Können Bypässe und Stents auch wieder zugehen?

Bonaros: Das ist möglich, weil der Verlauf der Krankheit nicht gestoppt wird. Deshalb braucht es eine Lebensstiländerung. Dann reduziert sich die Wahrscheinlichkeit, dass ein Stent wieder zugeht.

Drexel: Aus meiner Erfahrung kann ich sagen, dass vor allem das Absetzen von Medikamenten zum Verschluss von Stents führt. Deshalb mein Appell: Setzen Sie nie ein Medikament ohne Rücksprache mit dem Arzt ab.

Welche Konsequenzen hat eine verkalkte Halsschlagader?

Grimm: Sie hat dann Bedeutung, wenn sie Beschwerden macht. Die reichen von Schwindelzuständen bis zum Schlaganfall. 

Drexel: Meistens braucht es aber eine Blutdruck- und  Cholesterinbehandlung.

Welche Art von Herzklappen verwenden Sie?

Müller: Das Hauptmaterial, aus dem künstliche Herzklappen erzeugt werden, ist ein Mischmaterial. Reine Titanklappen gibt es nicht. Wir verwenden auch alle Formen von biologischen Herzklappen.

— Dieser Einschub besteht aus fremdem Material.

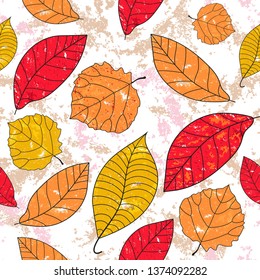 Seamless pattern with colorful painted autumn leaves in grunge style on a transparent background. Vector image. Eps 8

Sie stammen aus dem Herzbeutelgewebe von Schweinen, Rindern oder Pferden.

Kann Stress die Ursache für einen Herzinfarkt sein?

Drexel: Stress alleine macht zum Glück fast nie einen Herzinfarkt, kann aber ein Risiko in Verbindung mit Rauchen oder Übergewicht sein.

Über die Medikamente zur Bekämpfung des Cholesterins gibt es viel Widersprüchliches.

Drexel: Leider ist es so. Aber im medikamentösen Bereich gibt es keine anderen Medikamente, die so gut untersucht sind und so viele Todesfälle verhindert haben wie die Statine.

Bonaros: Bei Patienten mit einer Stent- oder Bypass-Behandlung sind Statine ein wesentlicher Teil der Therapie. Sie steigern die Offenheitsrate um 20 Prozent.

Wie steht es um die Cholesterinwerte? Da kennt man sich nicht mehr genau aus?

Drexel: Als ich angefangen habe, war 280 die Grenze, heute sind wir bei 180. Der Grund liegt darin, dass sehr viele Leute ein mittelhohes Cholesterin haben, und die bekommen am häufigsten einen Herzinfarkt. Wenn man das Cholesterin senkt, wird auch das Risiko geringer. Die logische Folge ist, auch mit den Grenzwerten herunterzugehen.